Machtesh Ramon Ramon Crater
Machtesh Ramon: Not a Crater, Not a Meteor Impact, and Worth Understanding
The name “Ramon Crater” is a misleading translation. Machtesh Ramon is not a volcanic crater and was not formed by a meteor impact. It is an erosion cirque: a geological formation created over millions of years by water erosion of softer rock underneath a harder layer, leaving an enormous natural amphitheatre when the harder layer eventually collapsed inward. Machtesh is the Hebrew word for this specific geological form, which has no precise equivalent in any other language and exists essentially nowhere else on earth. There are five machteshot in the Negev, and Ramon is the largest: 40 kilometres long, 9-10 kilometres wide, and 400-500 metres deep.
Understanding what you are looking at makes the visit considerably more interesting than simply arriving at a lookout and photographing it.

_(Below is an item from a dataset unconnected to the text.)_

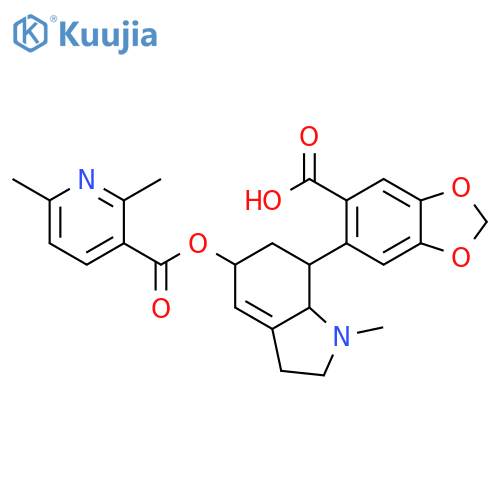 3-Pyridinecarboxylic acid, 2,6-dimethyl-, 7-(6-carboxy-1,3-benzodioxol-5-yl)-2,3,5,6,7,7a-hexahydro-1-methyl-1H-indol-5-yl ester (9CI) structure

Mitzpe Ramon is also the first officially designated International Dark Sky Park in the Middle East. On any clear moonless night, the Milky Way is visible to the naked eye from the crater rim.
The Lookout and Visitor Centre
The town of Mitzpe Ramon sits on the northern rim at about 860 metres elevation. The Mitzpe Ramon Visitor Centre (Ramon Crater Nature Reserve) is positioned right at the crater edge, with geological exhibits explaining the formation clearly and permits for crater activities. The view from the rim is genuinely arresting: coloured rock bands in ochre, black, pink, and brown, visible strata from different geological periods, the flat crater floor below dotted with volcanic rock formations. The range of exposed geological periods visible in the crater walls spans approximately 200 million years.
Hiking Into the Crater
Several marked trails descend from the crater rim to the floor. The Shen Crater Trail descends from the visitor centre area in about 45 minutes. From the floor, marked routes cover the volcanic rock field (Har Ardon), the coloured sandstone formations (Prism), and the Makhtesh Canyon section to the south.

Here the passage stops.